March 16th Board Meeting: Declared end to Drought Response Level 1. The Board voted unanimously to end Level 1 restrictions. For the residential customer, this means that the previously VOLUNTARY Level 1 water use restrictions of irrigating no more than three days a week, before 8a.m. and after 6p.m., avoiding washing vehicles during hot conditions, and requiring that hoses used to water landscaped area must be equipped with a positive shut-off nozzle have been retracted. However, the State of California’s drought prohibitions are still in effect. A complete list of those prohibitions can be found on the SFID website under water conservation.
Lake Hodges “Overflow Conditions” Update: The significant rainfall events of February 26 and 27th resulted in the lake level rising nearly 15 feet. SFID staff met with San Dieguito Water District, the City of San Diego and the San Diego County Water Authority, and the result was the City of San Diego transferred 4700 Acre Feet of their water out of Lake Hodges to the Olivenhain Reservoir. The City then transferred 2500 AF out of Hodges, to Olivenhain Reservoir, to be transferred to San Vicente Dam. Moving a total of 7200 AF out of Hodges created a “hole” that now allows additional rainfall to be captured, and SFID and San Dieguito Water District have access to this newly created unused City of San Diego storage capacity. (Last month’s Water News noted the disparity between SFID’s inflow rights and storage rights, so this action was a step in the right direction for SFID.)
Salary Increase for SFID General Manager: On a 4–1 vote (Dir. King dissenting), the annual compensation of the General Manager was increased from 213,140. to 225,000. The G.M.’s salary contract was last amended in 2014. The G.M. received a bonus of 5,000. in January 2016 on a 3-2 vote of the Board; a bonus is not included in calculating an employee’s pension payout.

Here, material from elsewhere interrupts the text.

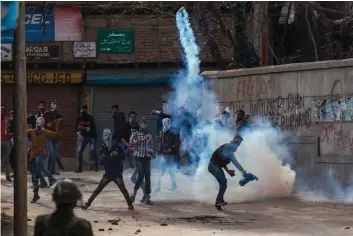  ??  ?? Masked protesters throw rocks at policemen in Srinagar, Kashmir AP —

February’s Water Usage: The amount of water sold in February is the lowest amount since records were kept by the District. (January 2017 had been the previous low month, until this month.) February 2017 usage, compared to February 2013 baseline year, resulted in a 51% water reduction. The cumulative savings from June 2016 to February 2017 stand at 18%.

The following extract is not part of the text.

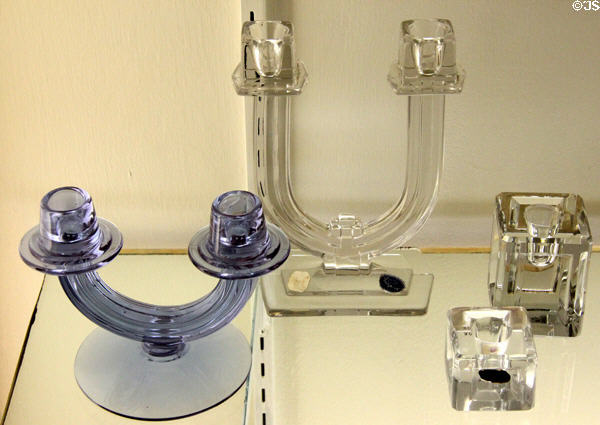 Duo candlestick (c1931-9) by George Sakier for Fostoria Glass Co., Moundsville, WV; U candlestick (1934-57) by A.H. Heisey of Newark, OH & candlesticks #492 by Pristine Table Architecture of Cambridge, Oh at Museum of American Glass. Milville, NJ.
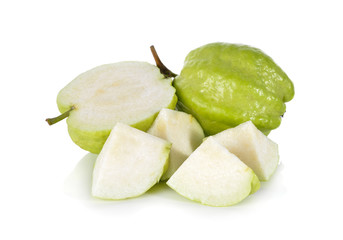 whole and half cut fresh Guava with stem on white background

Lake Oroville Spillway Damage Update: It has recently been revealed that the California Department of Water Resources has been burning through 4.7 million dollars/day for repairs to the Oroville spillway. The report from experts hired by DWR, by order of FERC, revealed troubling concerns about the thickness of the concrete spillway, and the underlying earth support. The Sacramento Bee, 3/23/17, reported that “DWR built the spillway on an uneven mountainside and in some spots used compacted clay to fill in the depressions in the rock foundation beneath the 12 inch thick concrete spillway. The consultants described finding evidence of a number of repair instances in which portions of the chute were cut away in order to ‘fill voids beneath the concrete’”.